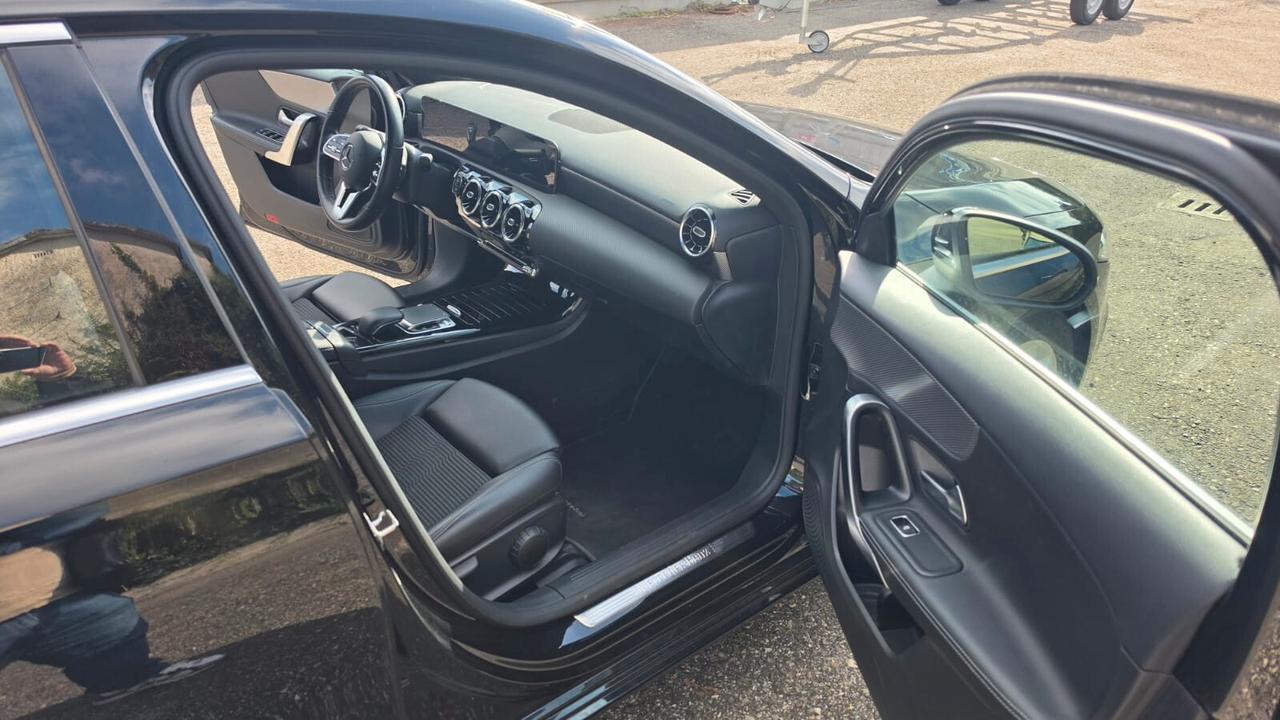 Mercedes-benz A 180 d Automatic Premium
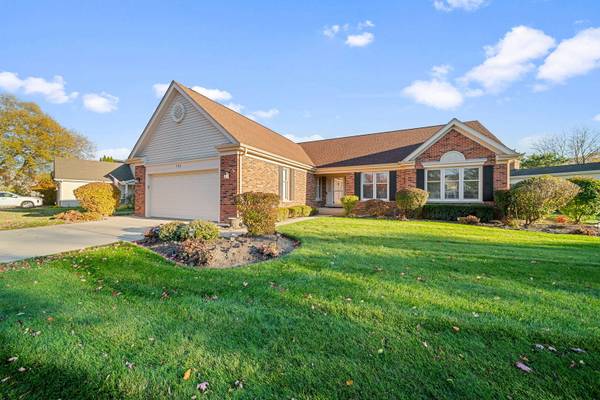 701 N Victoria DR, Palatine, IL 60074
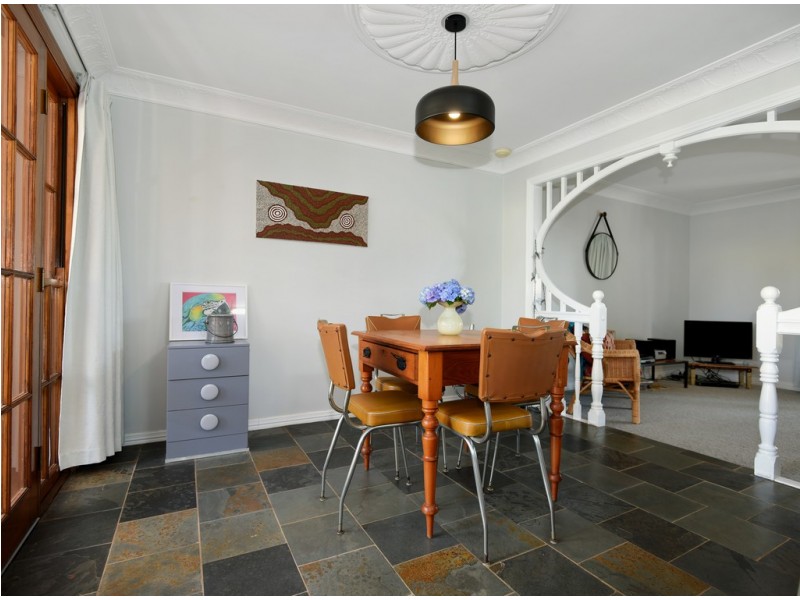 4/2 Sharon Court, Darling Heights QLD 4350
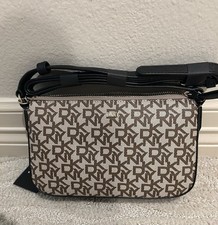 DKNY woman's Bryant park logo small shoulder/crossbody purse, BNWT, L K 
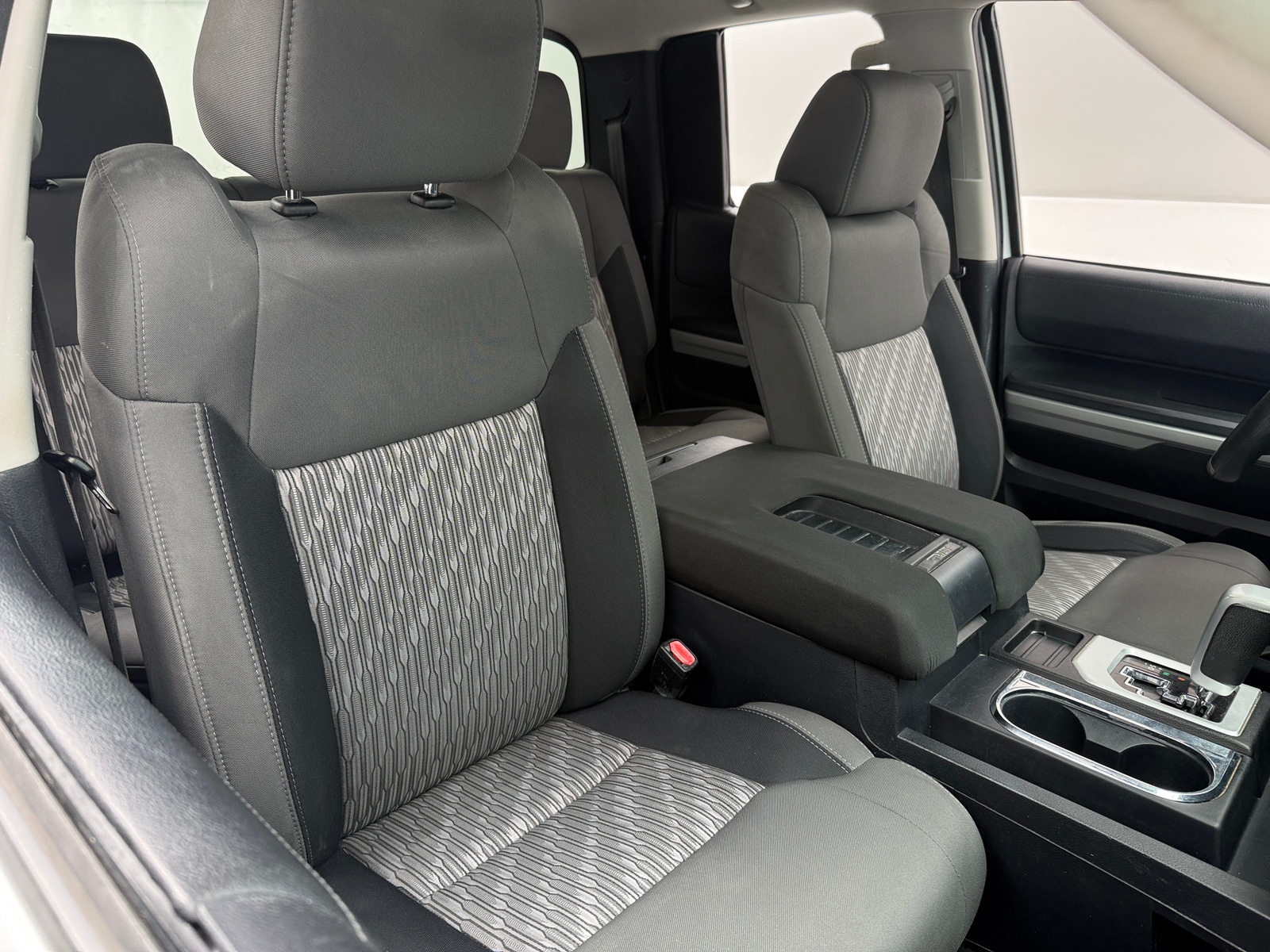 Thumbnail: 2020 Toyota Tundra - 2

■ ■ ■ ■ ■ ■ ■

**Problem to work on**
Begin at the line containing "4/2 Sharon Court, Darling Heights QLD 4350" and extract every line through the end of the records, inclusive, exactly and only; omit pictures.

**Answer to this exercise**
 4/2 Sharon Court, Darling Heights QLD 4350
 DKNY woman's Bryant park logo small shoulder/crossbody purse, BNWT, L K 
 Thumbnail: 2020 Toyota Tundra - 2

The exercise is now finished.